One thing worth noting: PulseLaser and LaserDisabler both call laserCore.ToggleLaser() directly. That is internal coupling between components that always live on the same GameObject, so it is not a problem in practice. An event-driven toggle is possible, but it adds indirection without much benefit when the caller and receiver are always co-located.

Visual Feedback as a Separate Layer

LaserVisuals runs independently of everything else. It reads the line renderer’s start and end points in LateUpdate and applies effects after LaserCore has already done its work. There are three things happening here.

Jagged Effect

The straight line is subdivided into short segments. Each interior point is nudged perpendicular to the laser’s direction by a random amount.

Vector3 direction = (endPoint - startPoint).normalized;
Vector3 perpendicular = Vector3.Cross(direction, Vector3.forward).normalized;

for (int i = 1; i < segmentCount; i++)
{
    float t = (float)i / segmentCount;
    Vector3 point = Vector3.Lerp(startPoint, endPoint, t);
    point += perpendicular * Random.Range(-jaggedness, jaggedness);
    jaggedPoints[i] = point;
}

The segment count is based on the laser’s length divided by a fixed segment length, so longer lasers get more segments automatically. The jaggedness value controls how chaotic the wobble is. This runs every frame, so the laser never looks static.

Particles

A particle system is instantiated at the laser’s endpoint and tracked there every frame. The color is pulled from the laser’s configured color, so different laser types can be visually distinct. Particles respect the player’s settings via a GameSettingsConfig scriptable object, so players who turn them off get a clean line with no performance cost.

Proximity Haptics

The laser holds a reference to a HapticProximity collider on the player, grabbed automatically when the player spawns. Every frame, LaserCore checks each midpoint of the jagged line against that collider. Only the segments inside the collider are evaluated, and only the closest one is used.

float normalized = Mathf.Clamp01(1f - (closestDistance / maxDistance));
float intensity = Mathf.Pow(normalized, 2f) * 0.5f;
Haptic.Instance?.RegisterProximityIntensity(intensity);

The quadratic curve keeps intensity low at a distance and spikes it sharply as the player gets very close. It gives the player a physical signal that they are near the laser before they actually touch it.

What I Would Do Differently

This system started as a game jam prototype. The original laser was simple: point in a direction, kill the player. By the time I was expanding toward a full release, I had four types and a working system. I thought about redoing the architecture into something more composable, but that opened up questions I did not have answers to.

If a laser had both SlidingLaser and PulseLaser on it, what happens when a button is pressed? Does it respond to both types? Just one? What is its LaserType even supposed to be? Those are not implementation problems. They are design problems. Solving them would have meant making new design decisions on top of redoing existing code that already worked.
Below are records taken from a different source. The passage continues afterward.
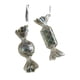 thumbnail image 5 of Adornos Navideños Acrílicos Transparentes Para árbol De Navidad, Para Celebraciones, Fiestas En Casa, 2 Caramelos, 5 of 5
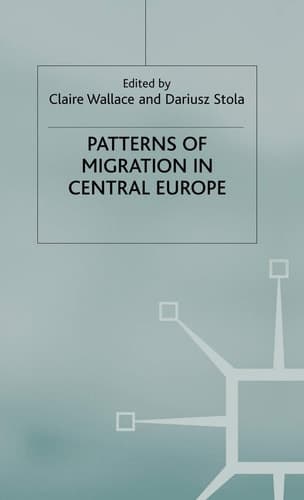 Patterns of Migration in Central Europe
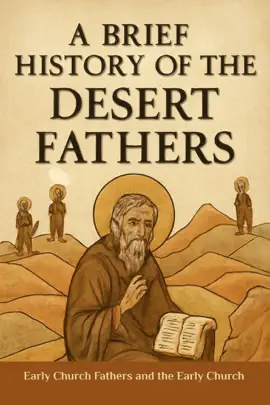 Read: A Brief History of the Book Desert Fathers
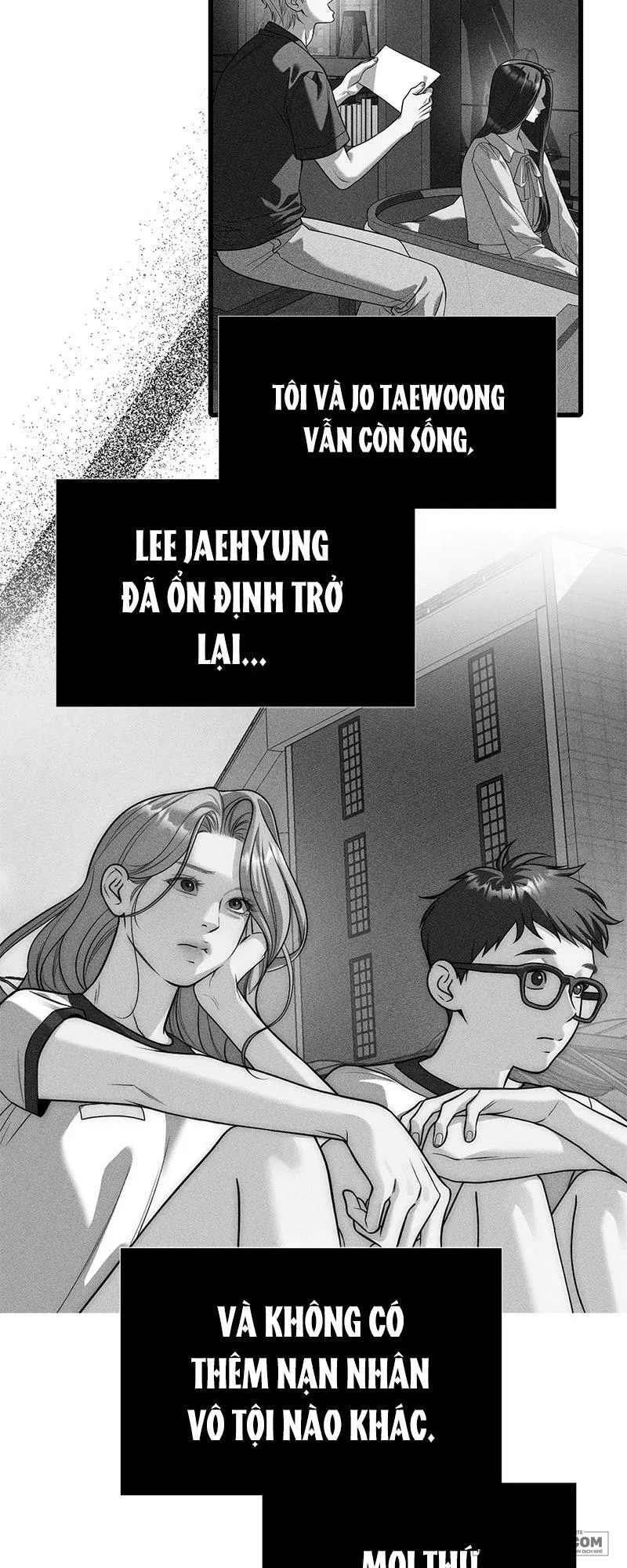 Xâm Nhập Trường Trung Học Tài Phiệt Chap 86 - trang 99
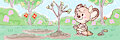 Gardening Koala -By LittleBearArnold-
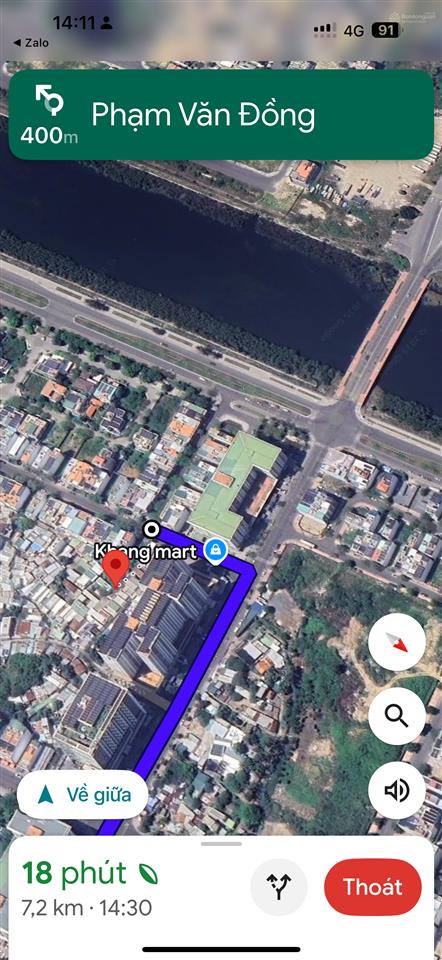 Còn sót lại 1 lô duy nhất cạnh vcn phước hải, diện tích 53 m2, giá 2 tỷ 250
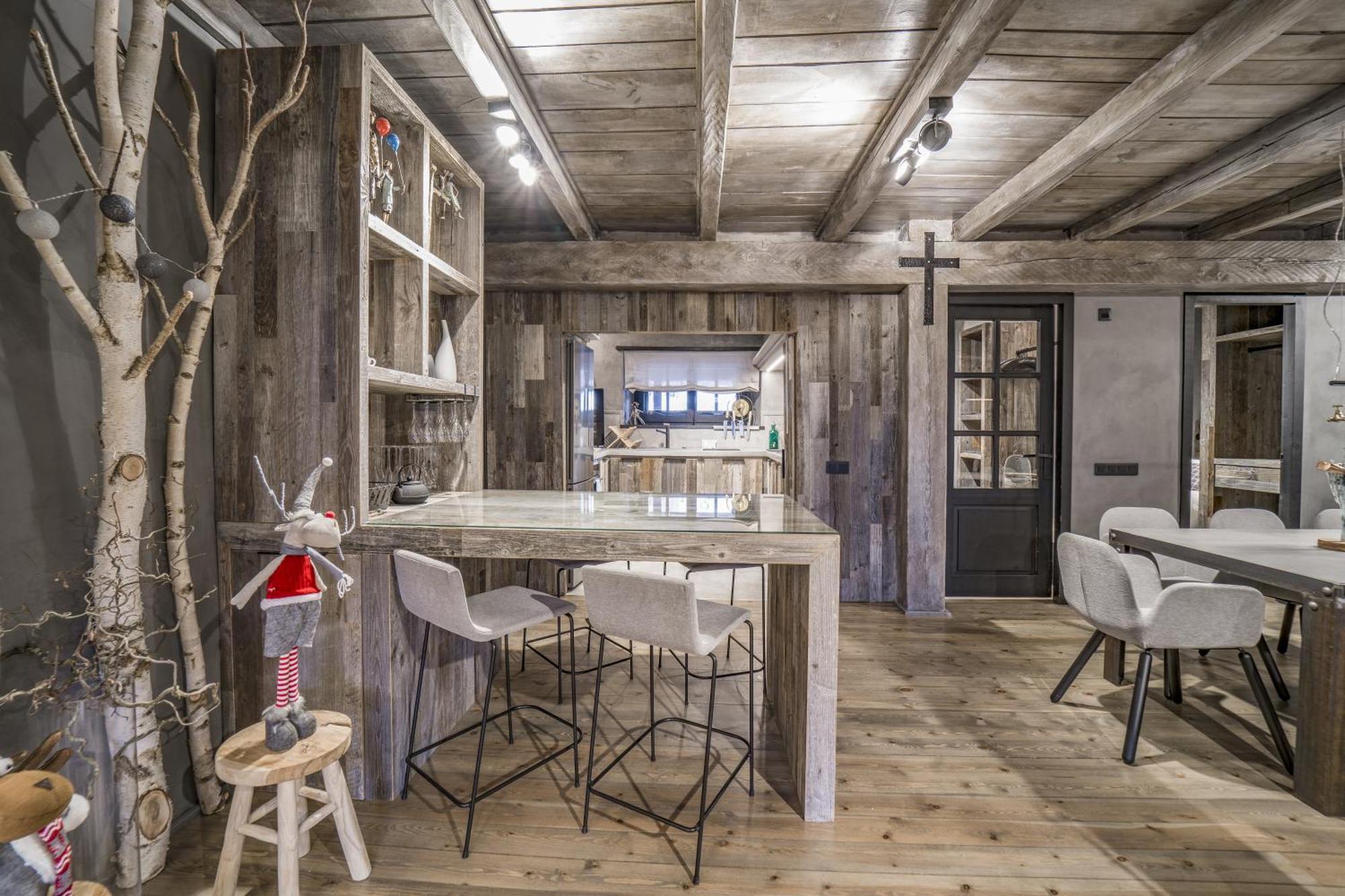 Pleta Del Tarter Lodge Zewnętrze zdjęcie
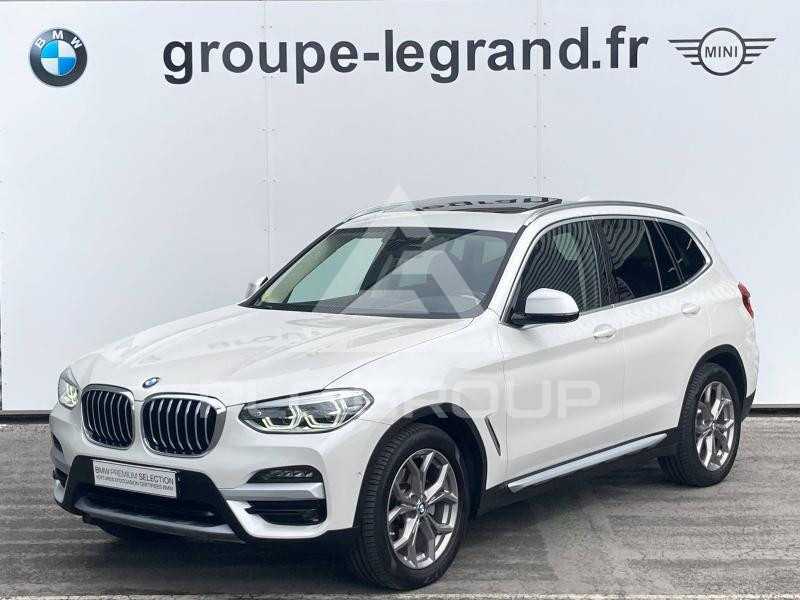 2020 BMW X3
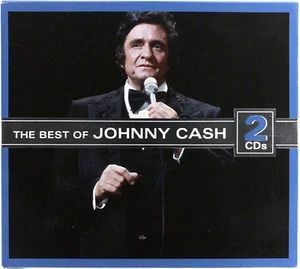 Johnny Cash - The Best Of Johnny Cash [2 CD Set 2010 Sonoma] Canada Compilation - Picture 1 of 6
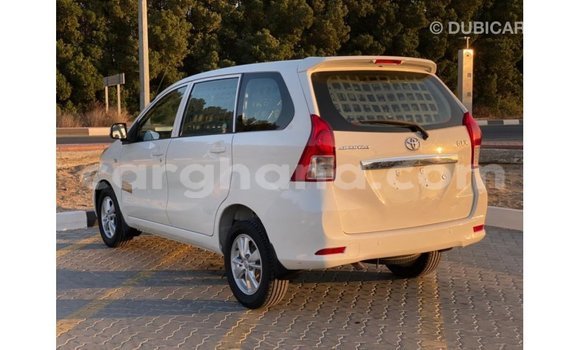 Buy Import Toyota Avanza White Car in Import - Dubai in Ashanti Buy Import Toyota Avanza White Car in Import - Dubai in Ashanti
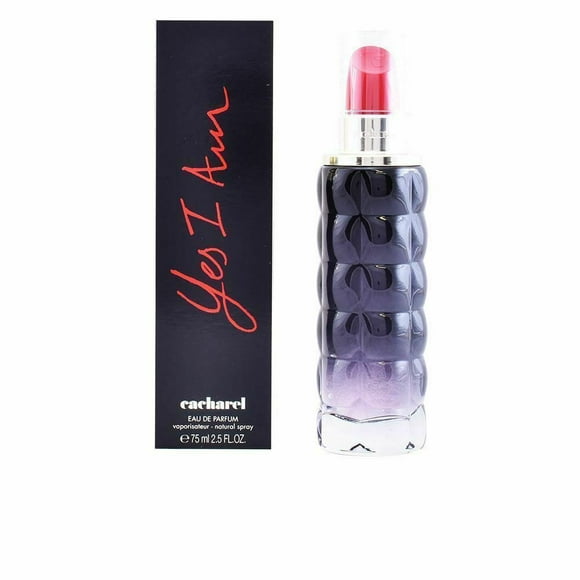 Yes I Am Vaporisateur Eau de Parfum par Cacharel 2.5 oz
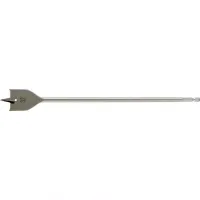 Сверло по дереву перовое удлиненное 32 х 300 мм 6-гранный хвостовик MATRIX 704032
So I kept it as it was. One type per laser is a clean constraint for this game. The button system is built around it. The whole thing makes sense because the scope supports it.

If I ever do a sequel with more complex laser puzzles, I would need a different foundation. Treating behaviors as a stack, with a coordinator applying them in sequence, is probably the right model. Each behavior registers itself and the coordinator handles ordering. More infrastructure, but more room to grow.